There is a 5 TB of quota (space and inode) for the scratch file system. If your $SCRATCH usage exceeds your quota, you will not be able to submit batch jobs until you reduce your usage.
The "myquota" command (with no options) will display your current usage and quota. NERSC sometimes grants temporary quota increases for legitimate purposes. To apply for such an increase, please use the Disk Quota Increase Form.
The scratch file system is subject to purging. Files in your $SCRATCH directory that are older than 12 weeks (defined by last access time) are removed. Please make sure to back up your important files (e.g. to HPSS). Instructions for HPSS are here.
Scratch Filesystem Configuration
|Size TB||Aggregate Peak Performance||# of Disks||# IO Servers (OSSs)||OSTs||File System Software||Disk Array Vendor|
|$SCRATCH||1.62 PB||36 GB/sec||9||18||72||Lustre||Cray|
The /scratch file system has 72 OSTs which is the lowest I/O layer with which users need to interact. When a file is created in /scratch it is "striped" or split across two different OSTs, which is the default. Lustre file systems at other computing centers may set a different default based on their workload. Striping is a technique to increase I/O performance. Instead of writing to a single disk, striping to two disks allows the user to potentially double read and write bandwidth.
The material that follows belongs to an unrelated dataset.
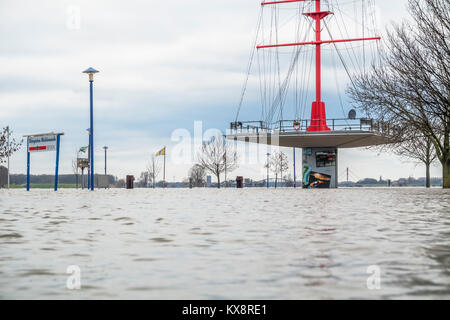 DUISBURG/Deutschland - 08. JANUAR 2017: Der Rhein Hochwasser ist die Muehlenweide in Ruhrort Stockfoto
Do Not Use /tmp explicitly
WARNING: Do not attempt to explicitly use a file system named /tmp. Your job may fail or be deleted if it writes to /tmp. Some software tools (editors, compilers, etc.) use the location specified by the $TMPDIR environment variable to store temporary files. Additionally, Fortran codes which open files with status="scratch" will write those files into $TMPDIR. On many Unix systems, $TMPDIR is set to /tmp. NERSC has set $TMPDIR to be $SCRATCH. Please do not redefine $TMPDIR!